Could you share more about this config? tuning this config will affect performance?
@Yohahaha We haven't tested performance around adjusting this configuration. For simple SQL queries, you can check the "avg read batch num rows" metrics in ColumnarShuffle
op from the SQL tab in spark UI, and set this value smaller by referencing the metric value. But for complex SQL queries, this value can vary among different shuffle stages, therefore the configuration is hard to decide, and we suggest using the default value 4096.

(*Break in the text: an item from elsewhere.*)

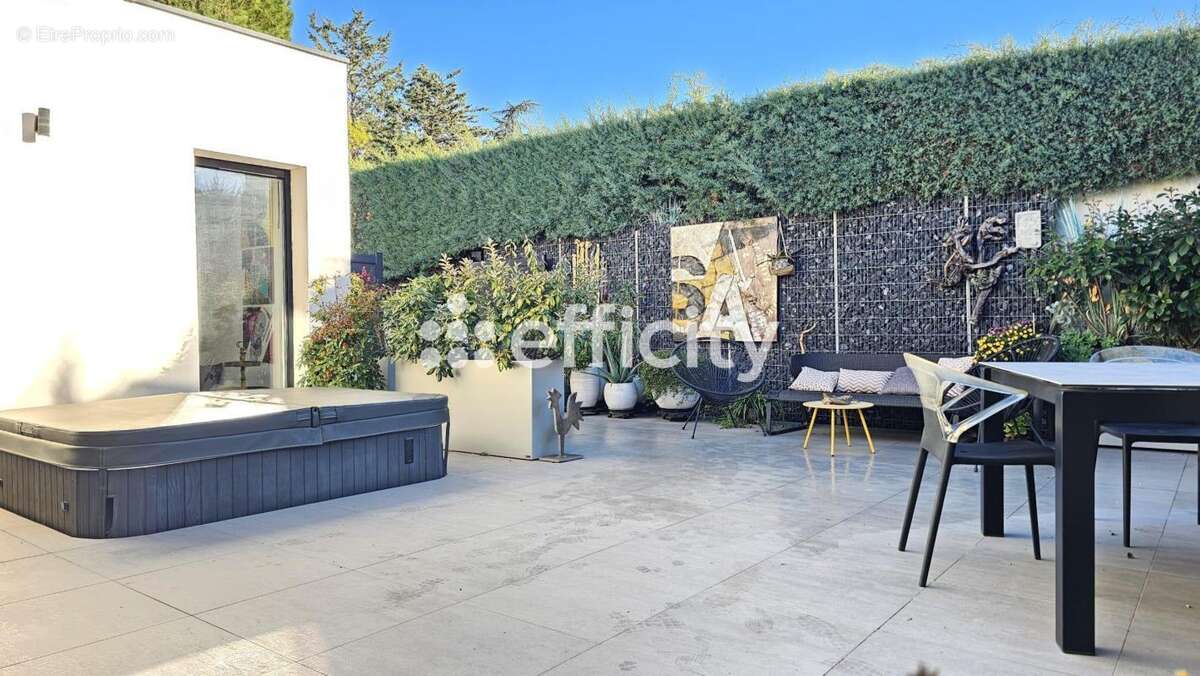 Maison à SAINT-GEORGES-D'ORQUES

By the way, the "Peak memory allocation" here only indicates the virtual memory allocation, not the actually used physical memory.
Description
A simple task with scan + filter + shuffle writer has 45MB of peek memory usage, assume scan and filter belong to computation part, shuffle writer belong to shuffle part, after add detailed log, we find computation part consume 25MB, shuffle part consume 20MB.
I'm not start but I think shuffle part's memory usage could be optimized.
set spark.gluten.memory.reservationBlockSize=1MB to minimize reservation.